We have just returned from several days in New York City. Ostensibly our reason for the trip was to hear the brilliant young violinist, Yevgeny Kutik. The Ferris Burtis Foundation has been helping Yevgeny in his education and career for a number of years and I try to attend as many of his performances as possible.
It turns out that we got two brilliant performers for the price of one. On Tuesday night we were able to get tickets for Stephen Sondheim's brilliant piece of musical theatre, A Little Night Music, which is based on Ingmar Bergman's film Smiles of a Summer Night, which, in turn, is based on Shakespeare's A Midsummer Night's Dream. Not a bad plot line!
An excellent cast portrayed the various characters in the play. But the standout was eighty-four year old Elaine Stritch as Madame Armfeldt! Talk about investing one's self in a role, she commanded the stage in each of her appearances. In 'Liasons', she was on stage alone for a good seven minutes mesmerizing us poor mortals in the audience. I don't know when I've been more captivated and moved by a performance.
From the rest of the cast I especially admired Stephen R. Buntrock, who played and sang the part of Fredrik Egerman. Both his singing and acting were superb.
The one fly in the ointment was Bernadette Peters, cast as Desirée Armfeldt, but actually playing Bernadette Peters. She has a limited dramatic range. As Alexander Wolcott once said of Tallulah Bankhead: 'She ran the gamut of emotions from A to B.' The original production, which I saw in 1973, starred Glynis Johns, Len Cariou, and Hermione Gingold in the leading roles. Bernadette is no Glynis, trust me.
But that Elaine! What a trouper! What a performer! I guess when you have been doing something for as long as she has, you just know how to get it right. She's a remarkable lady!
Then on Wednesday night, going from the sublime to the even more sublime, we heard Yevgeny Kutik in concert at The National Arts Club in Gramercy Park.
This historic building, once the home of Samuel Tilden, is not the ideal place to hold a concert. The concert room is a rectangular space with folding chairs, much like the concerts I hold in my music studio. But Yevgeny surmounted all odds, playing like a cross between an angel and a demon.
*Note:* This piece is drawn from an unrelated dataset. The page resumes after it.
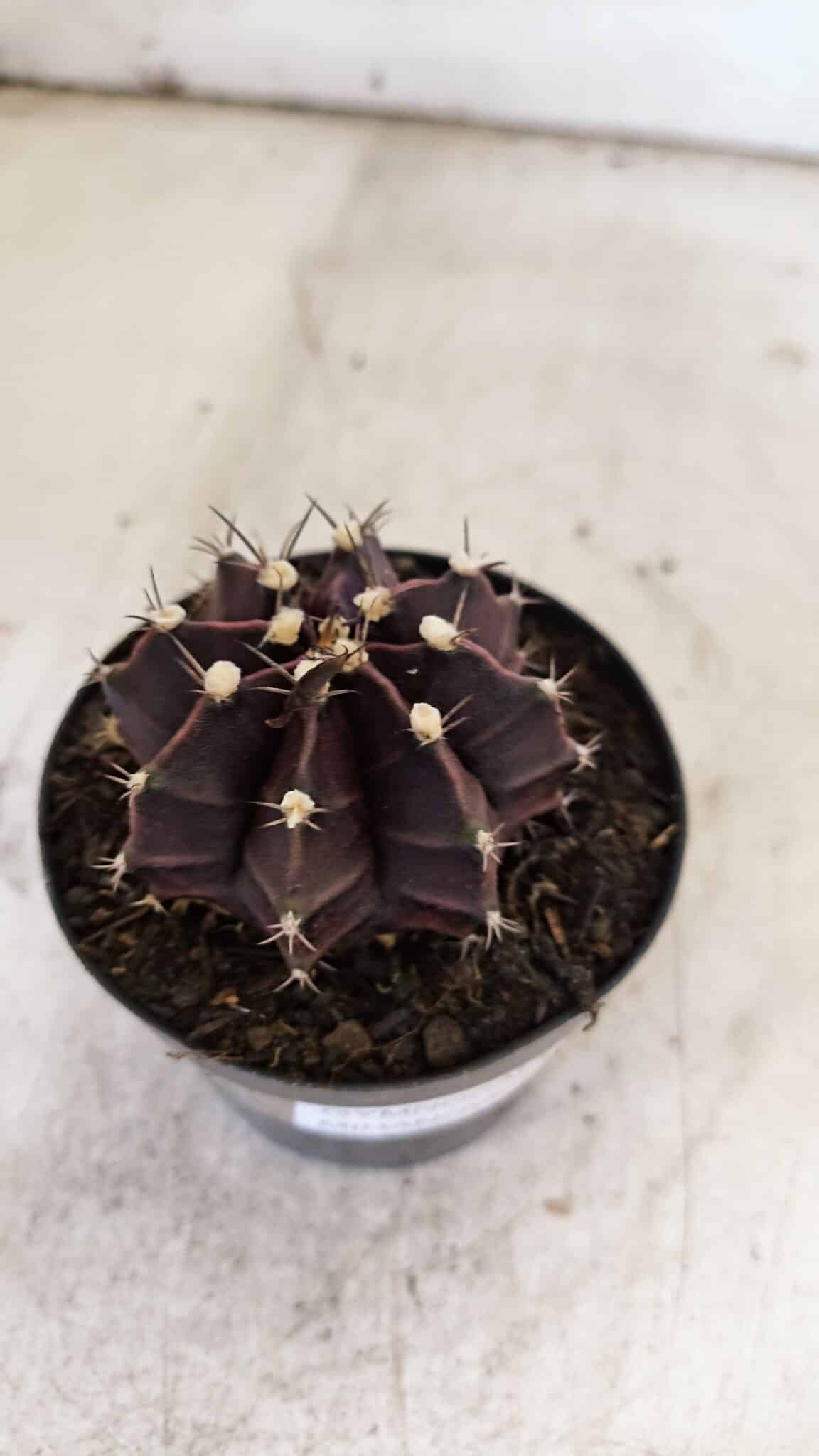 GYMNOCALYCIUM Mihanovichii Purple Nº 110 – vaso 09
Opening with several Preludes from Opus 34 of Shostakovich, and continuing with Beethoven's Sonata # 3, Largo from the Bach third Sonata for Solo Violin, the amazing Schnittke Sonata No. 1, two excerpts for solo violin from Tchaikovsky's Swan Lake, and ending with the Wieniawski Polonaise No. 1, Op. 4. It was a brilliant program in every way.
His fleet-fingered pianist was Akira Eguchi, who played very well but I much prefer the work Yevgeny does with his long-time piano partner, Tim Bozarth. Familiarity breeds other things besides contempt.
One distraction was the fact that in a near-by room some group was having a lively, and very audible, dinner party.This bit of poor planning on the part of the National Arts Club distracted me, as I'm sure it did many others in the audience, but Yevgeny has the ability to go so deeply into the music that a bomb could go off and he would not hear it. What an amazing young man. And what an incredible musician. What amazing concentration! Now I want to hear him in Alice Tully Hall and Jordan Hall and with a major symphony. He is more that ready for the big time.
So we heard two performers, born almost a century apart, whose commitment to their art is so enormous that they can bring their audience completely into their heart and hold them there. Bravo to both of them.